I haven't took time to properly investigate the issue. But recently we had a new udp2log-mw instance on udplog.eqiad.wmflabs in addition to the one that always existed on deployment-bastion.eqiad.wmflabs. So we have two daemons writing to the same file, and two logrotate runs on different instances that moves the files and reload the daemon so it open new files. That is definitely a race condition which eventually cause the logs to be written in the wrong place and/or kill the daemon. What would need to be done is figure out what udplog.eqiad.wmflabs is for, Ori set it up (is on CC of this bug) so there must be a purpose.
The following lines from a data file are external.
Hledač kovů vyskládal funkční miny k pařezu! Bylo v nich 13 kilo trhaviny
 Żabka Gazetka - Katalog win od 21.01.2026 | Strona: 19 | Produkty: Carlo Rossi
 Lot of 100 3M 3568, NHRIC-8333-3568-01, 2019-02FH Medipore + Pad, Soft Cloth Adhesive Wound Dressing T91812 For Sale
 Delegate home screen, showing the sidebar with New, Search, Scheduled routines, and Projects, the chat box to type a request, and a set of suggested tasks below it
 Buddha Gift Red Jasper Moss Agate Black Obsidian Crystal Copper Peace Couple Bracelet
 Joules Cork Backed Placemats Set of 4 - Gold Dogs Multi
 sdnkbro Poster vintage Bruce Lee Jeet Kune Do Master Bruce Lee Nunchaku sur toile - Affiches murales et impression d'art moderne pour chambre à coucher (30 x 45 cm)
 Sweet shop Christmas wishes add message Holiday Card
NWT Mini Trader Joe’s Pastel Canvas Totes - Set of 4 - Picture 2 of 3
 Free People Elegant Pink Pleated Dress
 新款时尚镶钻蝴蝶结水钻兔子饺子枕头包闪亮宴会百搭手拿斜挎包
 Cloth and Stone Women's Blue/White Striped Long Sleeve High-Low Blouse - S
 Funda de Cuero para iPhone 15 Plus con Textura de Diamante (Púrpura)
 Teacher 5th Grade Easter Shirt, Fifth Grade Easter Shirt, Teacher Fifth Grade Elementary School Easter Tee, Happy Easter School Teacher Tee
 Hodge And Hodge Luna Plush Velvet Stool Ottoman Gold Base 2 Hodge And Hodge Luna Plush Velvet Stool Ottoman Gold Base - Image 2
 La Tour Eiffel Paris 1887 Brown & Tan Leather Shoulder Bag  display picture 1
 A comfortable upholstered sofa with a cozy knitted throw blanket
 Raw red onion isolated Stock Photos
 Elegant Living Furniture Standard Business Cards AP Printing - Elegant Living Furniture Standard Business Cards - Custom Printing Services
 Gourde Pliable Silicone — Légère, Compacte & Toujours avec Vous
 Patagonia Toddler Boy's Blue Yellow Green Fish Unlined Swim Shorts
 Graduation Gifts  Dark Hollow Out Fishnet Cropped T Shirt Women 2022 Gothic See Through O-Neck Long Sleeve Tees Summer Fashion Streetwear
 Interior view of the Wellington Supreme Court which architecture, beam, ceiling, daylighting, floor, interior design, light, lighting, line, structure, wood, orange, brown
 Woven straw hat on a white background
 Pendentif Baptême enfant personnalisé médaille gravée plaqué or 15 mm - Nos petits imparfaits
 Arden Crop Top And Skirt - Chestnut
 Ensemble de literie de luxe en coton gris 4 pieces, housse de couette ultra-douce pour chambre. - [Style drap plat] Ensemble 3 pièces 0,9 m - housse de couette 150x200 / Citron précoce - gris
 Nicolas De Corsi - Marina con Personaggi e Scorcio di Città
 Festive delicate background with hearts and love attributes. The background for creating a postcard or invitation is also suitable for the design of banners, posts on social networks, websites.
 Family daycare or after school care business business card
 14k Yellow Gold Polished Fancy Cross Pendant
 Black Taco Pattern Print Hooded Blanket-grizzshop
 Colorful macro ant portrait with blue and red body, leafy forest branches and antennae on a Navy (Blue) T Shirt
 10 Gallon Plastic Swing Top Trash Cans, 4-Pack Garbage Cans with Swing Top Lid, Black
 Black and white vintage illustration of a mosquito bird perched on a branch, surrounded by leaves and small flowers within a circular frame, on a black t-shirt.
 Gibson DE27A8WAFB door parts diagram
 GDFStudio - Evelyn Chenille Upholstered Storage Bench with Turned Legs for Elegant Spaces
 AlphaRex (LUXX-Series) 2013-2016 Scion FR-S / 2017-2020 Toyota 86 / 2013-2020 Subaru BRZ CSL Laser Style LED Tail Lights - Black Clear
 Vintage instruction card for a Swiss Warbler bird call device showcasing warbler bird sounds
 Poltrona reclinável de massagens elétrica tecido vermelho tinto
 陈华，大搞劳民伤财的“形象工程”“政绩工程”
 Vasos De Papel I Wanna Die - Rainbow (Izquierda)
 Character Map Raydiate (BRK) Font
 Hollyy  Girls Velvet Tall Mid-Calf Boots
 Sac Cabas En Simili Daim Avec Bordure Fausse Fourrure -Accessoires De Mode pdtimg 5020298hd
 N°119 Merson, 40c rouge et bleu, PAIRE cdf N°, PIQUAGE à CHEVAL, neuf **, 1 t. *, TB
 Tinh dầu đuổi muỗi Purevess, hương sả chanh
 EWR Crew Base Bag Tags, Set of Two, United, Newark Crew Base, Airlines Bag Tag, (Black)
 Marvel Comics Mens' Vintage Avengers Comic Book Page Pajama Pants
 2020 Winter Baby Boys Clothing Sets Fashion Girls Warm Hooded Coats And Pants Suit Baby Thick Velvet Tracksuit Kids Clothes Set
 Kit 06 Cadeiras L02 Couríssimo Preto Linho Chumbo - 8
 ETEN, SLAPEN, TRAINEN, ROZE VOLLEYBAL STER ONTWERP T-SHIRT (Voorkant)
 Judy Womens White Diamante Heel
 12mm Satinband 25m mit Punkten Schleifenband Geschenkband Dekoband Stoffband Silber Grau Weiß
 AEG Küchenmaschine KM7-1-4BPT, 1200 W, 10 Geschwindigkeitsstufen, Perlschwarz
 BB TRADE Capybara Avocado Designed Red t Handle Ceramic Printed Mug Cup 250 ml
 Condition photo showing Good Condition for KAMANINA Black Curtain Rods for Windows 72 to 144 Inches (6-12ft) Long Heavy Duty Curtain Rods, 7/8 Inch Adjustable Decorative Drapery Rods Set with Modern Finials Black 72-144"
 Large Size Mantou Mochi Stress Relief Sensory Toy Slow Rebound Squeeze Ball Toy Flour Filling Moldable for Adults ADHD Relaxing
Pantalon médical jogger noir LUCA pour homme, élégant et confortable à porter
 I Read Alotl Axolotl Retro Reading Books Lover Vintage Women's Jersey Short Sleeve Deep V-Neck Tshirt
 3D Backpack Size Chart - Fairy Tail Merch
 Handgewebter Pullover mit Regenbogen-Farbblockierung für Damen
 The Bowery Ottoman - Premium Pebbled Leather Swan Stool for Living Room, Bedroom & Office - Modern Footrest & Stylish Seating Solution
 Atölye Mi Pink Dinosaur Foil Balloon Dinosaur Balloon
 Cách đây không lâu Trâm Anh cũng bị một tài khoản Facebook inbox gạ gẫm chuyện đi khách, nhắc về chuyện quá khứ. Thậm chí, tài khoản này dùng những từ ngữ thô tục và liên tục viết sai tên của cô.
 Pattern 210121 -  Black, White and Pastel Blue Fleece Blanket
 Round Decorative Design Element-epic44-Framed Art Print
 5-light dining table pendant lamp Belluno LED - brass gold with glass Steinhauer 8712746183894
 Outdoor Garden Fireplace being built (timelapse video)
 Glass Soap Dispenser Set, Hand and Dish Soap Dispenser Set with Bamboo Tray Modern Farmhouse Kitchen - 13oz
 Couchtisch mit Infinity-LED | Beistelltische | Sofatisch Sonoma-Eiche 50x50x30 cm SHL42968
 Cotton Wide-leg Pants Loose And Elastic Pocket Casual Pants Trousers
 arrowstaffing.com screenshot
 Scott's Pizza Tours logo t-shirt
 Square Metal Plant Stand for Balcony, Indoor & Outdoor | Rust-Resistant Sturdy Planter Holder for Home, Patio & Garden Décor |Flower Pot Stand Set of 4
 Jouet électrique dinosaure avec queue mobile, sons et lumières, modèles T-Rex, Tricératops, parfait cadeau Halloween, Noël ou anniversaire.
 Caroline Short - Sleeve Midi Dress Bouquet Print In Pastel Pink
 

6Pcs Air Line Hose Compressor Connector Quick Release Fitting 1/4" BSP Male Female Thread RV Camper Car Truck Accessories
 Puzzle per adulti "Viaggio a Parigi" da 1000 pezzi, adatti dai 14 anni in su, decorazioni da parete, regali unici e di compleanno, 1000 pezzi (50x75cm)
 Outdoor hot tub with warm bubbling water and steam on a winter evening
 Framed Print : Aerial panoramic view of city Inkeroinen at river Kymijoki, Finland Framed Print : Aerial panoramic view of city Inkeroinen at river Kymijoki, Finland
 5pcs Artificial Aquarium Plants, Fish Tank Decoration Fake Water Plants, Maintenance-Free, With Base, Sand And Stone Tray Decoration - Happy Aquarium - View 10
From there, the easiest is probably to get rid of the udplog-mw instance on deployment-bastion and point everything at the new udplog.eqiad.wmflabs. That would need a few changes in operations/puppet.git and operations/mediawiki-config.git.
(In reply to spage from comment #2) > We also have an instance udplog.eqiad.wmflabs There's also a deployment-fluoride machine. Both udplog and deployment-bastion have the same /etc/udp2log/mw trying to send '^(fatal|exception) to it, but first fatals have to be in the logs. > That seems to have the same content in /data/project/logs and ../archive as > deployment-bastion Duh, they all mount the same deployment-project NFS share :-)
Fatals come from the apache or hhvm process logs. It looks like we haven't recorded any new apache2.log data in the beta cluster since 2014-07-23 and the last hhvm-fatal.log is dated 2014-08-29. I would expect these log streams to come in via rsyslog forwarding from each host as configured by modules/mediawiki/files/rsyslog.conf in operations/puppet. Our loss of logging for the hhv-fatal.log file quite nicely lines up with the first commit of that bit of refactored puppet configuration on Aug 28, 2014. The last log message we have is timestamped "Aug 28 19:47:43" and the change was merged on 08-28 13:47 (<https://gerrit.wikimedia.org/r/#/c/154710/>).
(Commented on that change)
Debugging some... On udplog.eqiad.wmflabs `sudo tcpdump udp port 8420` does not show any log packets being received from any host. On deployment-mediawiki01 `sudo tcpdump udp port 8420 and host 10.68.16.58` shows lots of traffic headed to deployment-bastion. This is traffic from the udp2log client built into MediaWiki. It's making it to the right place and being logged to files and forwarded to logstash. Again on deployment-mediawiki01 `sudo tcpdump udp port 8420 and host 10.68.17.218` shows no traffic headed to udplog.eqiad.wmflabs. The /etc/rsyslog.d/40-mediawiki.conf file on deployment-mediawiki01 matches <https://github.com/wikimedia/operations-puppet/blob/565672c41b016b465afc871080dbf440bced9451/modules/mediawiki/files/rsyslog.conf>. This config appears to be active as there is data in the local /var/log/apache2.log file. So for some reason currently unknown to me, the rsyslog server on deployment-mediawiki01 is up and running and processing local files but not forwarding messages via udp to udplog.eqiad.wmflabs.